During the year ended December 31, 2002, the Partnership identified and
sold three Properties that were classified as Discontinued Operations in the
accompanying financial statements. In addition, in January 2003, the Partnership
identified for sale its Property in Bartlesville, Oklahoma. The Partnership
recognized a net rental loss (rental revenues less Property related expenses and
provision for write-down of assets) of $2,906 and net rental income of $37,530
during the quarter and six months ended June 30, 2002, respectively, relating to
these four Properties. The Partnership sold the Property in Redlands, California
during the six months ended June 30, 2002 and recognized a gain on disposal of
discontinued operations of $301,828. The Partnership sold its Properties in
Medina, Ohio and Stratford, New Jersey in September and December 2002,
respectively. In June 2003, the Partnership sold its Property in Bartlesville,
Oklahoma and recorded no gain or loss on the disposal. The Partnership had
recorded provisions for write-down of assets in previous years relating to this
Property. The Partnership recognized net rental income of $25,877 and $49,676
during the quarter and six months ended June 30, 2003, relating to this
Property.

In January 2003, FASB issued FASB Interpretation No. 46 ("FIN 46"),
"Consolidation of Variable Interest Entities" to expand upon and strengthen
existing accounting guidance that addresses when a company should include the
assets, liabilities and activities of another entity in its financial
statements. To improve financial reporting by companies involved with variable
interest entities (more commonly referred to as special-purpose entities or
off-balance sheet structures), FIN 46 requires that a variable interest entity
be consolidated by a company if that company is subject to a majority risk of
loss from the variable interest entity's activities or entitled to receive a
majority of the entity's residual returns or both. Prior to FIN 46, a company
generally included another entity in its consolidated financial statements only
if it controlled the entity through voting interests. The consolidation
requirements of FIN 46 apply immediately to variable interest entities created
after January 31, 2003, and to older entities, in the first fiscal year or
interim period beginning after June 15, 2003. The general partners believe
adoption of this standard may result in either consolidation or additional
disclosure requirements with respect to the Partnership's unconsolidated joint
ventures, which are currently accounted for under the equity method. However,
such consolidation is not expected to significantly impact the Partnership's
results of operations.



ITEM 3. QUANTITATIVE AND QUALITATIVE DISCLOSURES ABOUT MARKET RISK

Not applicable.


ITEM 4. CONTROLS AND PROCEDURES

The general partners maintain a set of disclosure controls and
procedures designed to ensure that information required to be disclosed in the
Partnership's filings under the Securities Exchange Act of 1934 is recorded,
processed, summarized and reported within the time periods specified in the
Securities and Exchange Commission's rules and forms. The principal executive
and financial officers of the corporate general partner have evaluated the
Partnership's disclosure controls and procedures as of the end of the period
covered by this Quarterly Report on Form 10-Q and have determined that such
disclosure controls and procedures are effective.

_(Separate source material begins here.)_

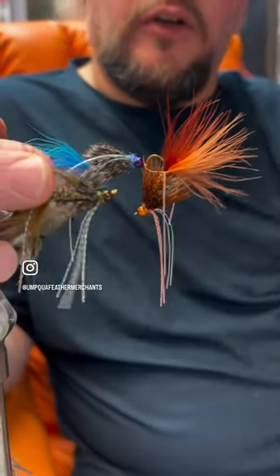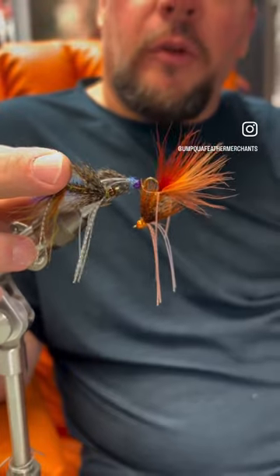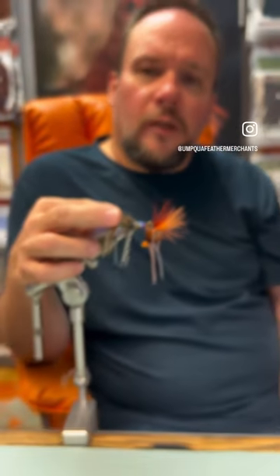fished under an indicator or a dry fly. Always tied on a jig hook so it rides hook point up, it won't snag up, and you'll be surprised how well this thing works.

There was no change in internal control over financial reporting that
occurred during the most recent fiscal quarter that has materially affected, or
is reasonably likely to materially affect, internal control over financial
reporting.









PART II. OTHER INFORMATION


Item 1. Legal Proceedings. Inapplicable.
------------------

Item 2. Changes in Securities. Inapplicable.
----------------------

Item 3. Default upon Senior Securities. Inapplicable.
-------------------------------

Item 4. Submission of Matters to a Vote of Security Holders. Inapplicable.
----------------------------------------------------

Item 5. Other Information. Inapplicable.
------------------

Item 6. Exhibits and Reports on Form 8-K.

(a) Exhibits

3.1 Affidavit and Certificate of Limited Partnership of CNL
Income Fund XV, Ltd. (Included as Exhibit 3.2 to
Registration Statement No. 33-69968 on Form S-11 and
incorporated herein by reference.)

4.1 Affidavit and Certificate of Limited Partnership of CNL
Income Fund XV, Ltd. (Included as Exhibit 4.1 to
Registration Statement No. 33-69968 on Form S-11 and
incorporated herein by reference.)

4.2 Amended and Restated Agreement of Limited Partnership
of CNL Income Fund XV, Ltd. (Included as Exhibit 4.2 to
Form 10-K filed with the Securities and Exchange
Commission on March 30, 1995, incorporated herein by
reference.)

10.1 Management Agreement between CNL Income Fund XV, Ltd.
and CNL Investment Company (Included as Exhibit 10.1 to
Form 10-K filed with the Securities and Exchange
Commission on March 30, 1996, and incorporated herein
by reference.)

10.2 Assignment of Management Agreement from CNL Investment
Company to CNL Income Fund Advisors, Inc. (Included as
exhibit 10.2 to Form 10-K filed with the Securities and
Exchange Commission on March 30, 1995, and incorporated
herein by reference.)

10.3 Assignment of Management Agreement from CNL Income Fund
Advisors, Inc. to CNL Fund Advisors, Inc. (Included as
Exhibit 10.3 to Form 10-K filed with the Securities and
Exchange Commission on April 1, 1996, and incorporated
herein by reference.)

10.4 Assignment of Management Agreement from CNL Fund
Advisors, Inc. to CNL APF Partners, LP. (Included as
Exhibit 10.4 to Form 10-Q filed with the Securities and
Exchange Commission on August 7, 2001 and incorporated
herein by reference.)

10.5 Assignment of Management Agreement from CNL APF
Partners, LP to CNL Restaurants XVIII, Inc. (Included
as Exhibit 10.5 to Form 10-Q filed with the Securities
and Exchange Commission on August 13, 2002, and
incorporated herein by reference.)






31.1 Certification of Chief Executive Officer of Corporate
General Partner Pursuant to Rule 13a-14 as Adopted
Pursuant to Section 302 of the Sarbanes-Oxley Act of
2002. (Filed herewith.)

31.2 Certification of Chief Financial Officer of Corporate
General Partner Pursuant to Rule 13a-14 as Adopted
Pursuant to Section 302 of the Sarbanes-Oxley Act of
2002. (Filed herewith.)

32.1 Certification of Chief Executive Officer of Corporate
General Partner Pursuant to 18 U.S.C. Section 1350 as
Adopted Pursuant to Section 906 of the Sarbanes-Oxley
Act of 2002. (Filed herewith.)

32.2 Certification of Chief Financial Officer of Corporate
General Partner Pursuant to 18 U.S.C. Section 1350 as
Adopted Pursuant to Section 906 of the Sarbanes-Oxley
Act of 2002. (Filed herewith.)

(b) Reports on Form 8-K

No reports on From 8-K were filed during the quarter ended June
30, 2003.







SIGNATURES


Pursuant to the requirements of the Securities Exchange Act of 1934, as
amended, the registrant has duly caused this report to be signed on its behalf
by the undersigned, thereunto duly authorized.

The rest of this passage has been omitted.